Don't waste your time when you're on holiday in Cairns and tropical north Queensland. Find out the over-hyped spots to avoid (and where to go instead).
Cairns is the fastest growing regional centre in the country and a beautiful, safe place generally speaking. It possesses a multinational mix of local and visiting Aussies and international tourists from around the world. It is an international port situated at the foot of the vast Cape York wilderness and as such attracts all types of people from lovely dedicated residents to the world’s escapees. Everyone who comes to Cairns brings along their take on how life in the tropics should be lived and in this multinational mix there are some pretty disparate attitudes about personal safety.
Don’t walk alone late at night or in the early hours whether you’re male or female. Share a cab from the club or walk in a big group with someone sober enough to respond to emergency. Carry your mobile phone and file the number of your accommodation. Avoid riding a bicycle alone after midnight anywhere and always wear reflective clothing and have a light a night. Just act as if the same miniscule percentage of low life scum in your hometown is in our hometown.
The number of restaurants along the Cairns waterfront continues to grow offering an amazing array of international cuisine combined with supreme views of sky, water and emerald green mountains. Try the Salt House premierely positioned and designed as the ultimate in cool in NQ building a big beautiful roof with cantilevered decks over the Inlet with charming nooks and crannies. View makes the experience as service and food is average.
For those who like a crowded and not attractive try the Esplanade strip. Don’t expect gourmet food or the finest wines and service is nine out of ten visa holding backpackers.

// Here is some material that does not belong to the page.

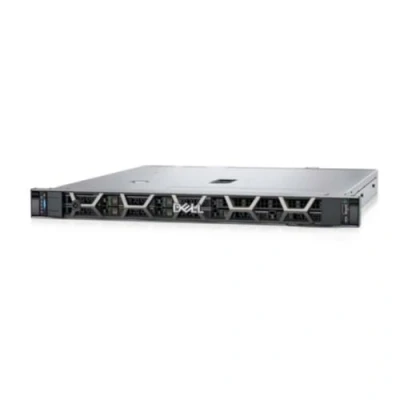 Afbeelding van Dell POWEREDGE R360 SMART (Intel Xeon E 2434, 16 GB, Rack Server), Server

Ask a local where they love to go for good Cairns food and they will tell you the Naked Nut on Collins Avenue for lunch and dinner (try the crispy Atlantic salmon). For Thai try the Thai Orchid Spicy in Freshwater (where the Coconut Chicken is great and the Pad Thai authentic). Locals like to party on weekends and siesta on Monday and Tuesday nights, so bookings in the burbs are essential.
Everyone has their idea of what nightlife is all about, but, know that in Cairns most of it is dedicated to the young backpack totting lifestyle. Very little is on offer for the slightly sedate, sleek or classy. Try the Court House Hotel on Abbot St for a taste of regional sophistication in a heritage building. Avoid Gilligans on Grafton and the Wool Shed on Shield St unless you are into drunk as skunk youngsters who argue and jostle with each other and the bouncers. The Pier on the Marina is home to the Pier Bar and Grill and Bella Vista, both popular with young and old but forget it if you are after quiet conversation at a Sunday session. The people partying noise level is deafening on the weekend mellower for sweet talk on a week night.
A trip to Cairns is indeed incomplete if you miss seeing the Great Barrier Reef, but Cairns can be a windy place with SE blustering on shore anywhere from 15-30knots in the winter months. September March is the best bet for calmer weather. And if your tummy has not got sea legs and you happen to visit in windy weather try a shorter trip to Green or Fitzroy Islands where with you can spend most of the time with your feet mostly planted on terra firma and can snorkel on reef just off shore for short periods. Or if just can’t miss the most glorious underwater world on the face of the earth travel to the reef on a company that uses catamarans. Reef Magic Cruises is locally owned and uses fast stable cats taking you straight to their all weather Marine World platform. Dive or snorkel from here and if you a treat fly in one of the companies helicopters. The Reef is from the air is a heavenly experience.